1. Ask for permission before touching another person. This rule applies to everyone: there are no exceptions to who does and does not have the right to give or withhold consent for physical contact. That said, girls' bodies are more notoriously objectified. Show her respect by acknowledging her right to decide who touches her body, and when and how they do it.
Note that this does not extend to allowing anyone to decide that you have to touch them. You also have the right to say no if you are not comfortable with the contact.
2. Understand that “No” does mean no. Society often seems disconnected from the concept of consent. Most people understand that if consent is not given, then you should not touch, or continue to touch, a girl.
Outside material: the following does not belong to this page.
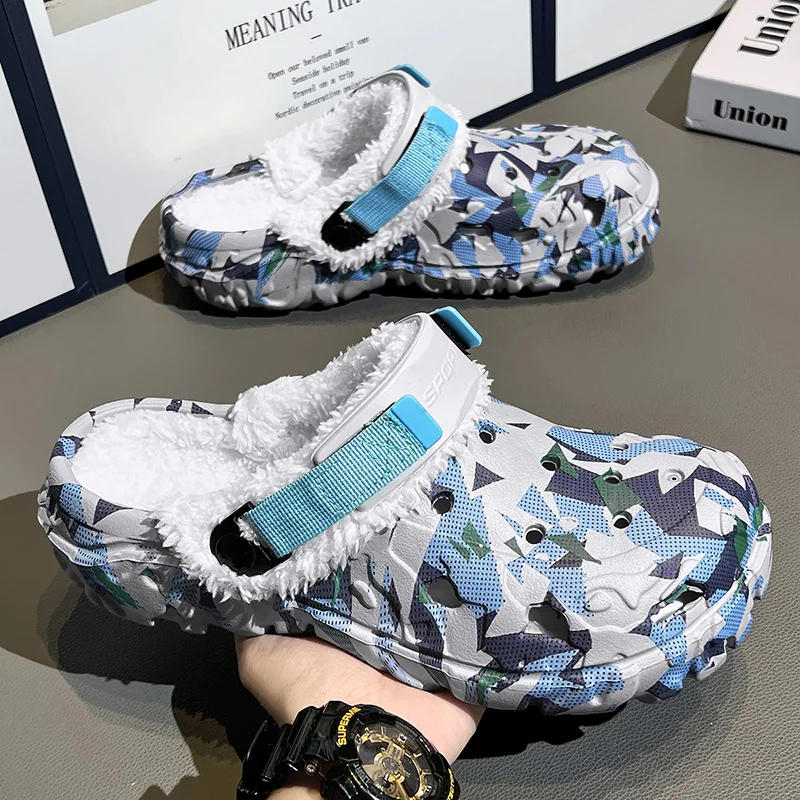 Men Camo Fleece Lined Clogs Big Size 48 49 Male Removable Plush Liner Warm Non‑Slip Winter Slippers for Indoor Outdoor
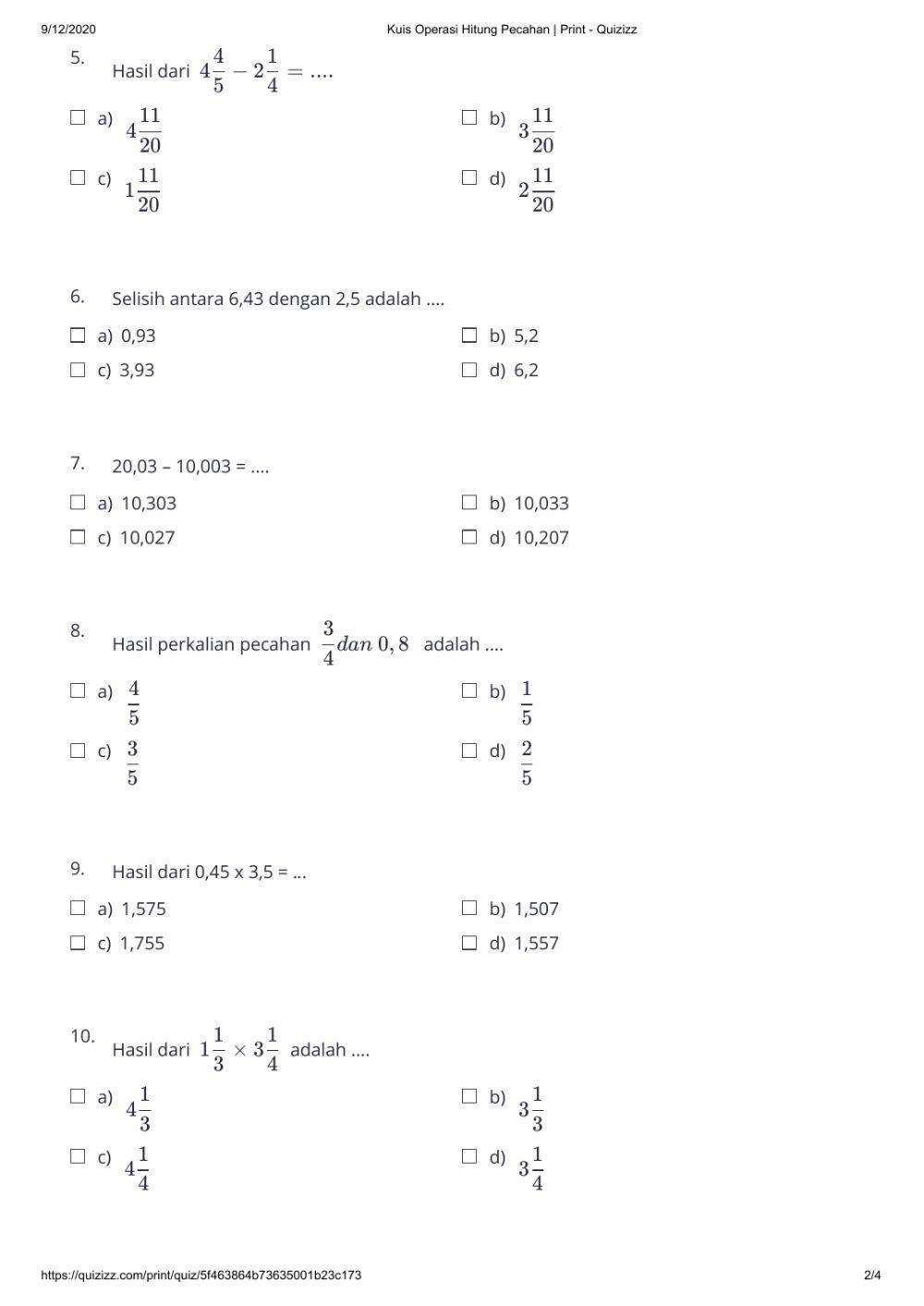 Matematika-Hitung Pecahan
Somehow, though, many of these same people also believe that the validity of a girl’s objection to being touched is dependent on a host of other factors (e.g. how she is dressed, how much she likes you, etc.). This is not true. “No,” means no, period.
This is not limited to romantic situations. The rule extends to any physical contact.
3. Be mindful of comments that affect her body image. You should not compare a girl’s body to other girls' bodies. This can be seen as a direct insult to either, or both, of the girls you are comparing. Even if you are not talking about the girl who’s listening, saying things about other girls’ bodies can imply that you are talking about her body as well.
It is okay to compliment a girl on her looks, but do it respectfully. “I think you are beautiful,” is much more respectful than saying “You’re hot.”
Rather than complimenting a girl on an aspect she can't change, like her eyes, compliment her on something she has control over, like her rad shoes.
4. Know when to leave a girl alone. Sometimes, a girl might not want your attention. In these cases, you should respect her wishes and leave her alone. If she tells you that she would rather be left alone, it is disrespectful to continue to talk to her, compliment her, or otherwise pursue her attention.
If a girl indicates that she wants to be left alone, then you can just say something like, "Sorry. I'll leave," or "Okay, have a good day," and then leave.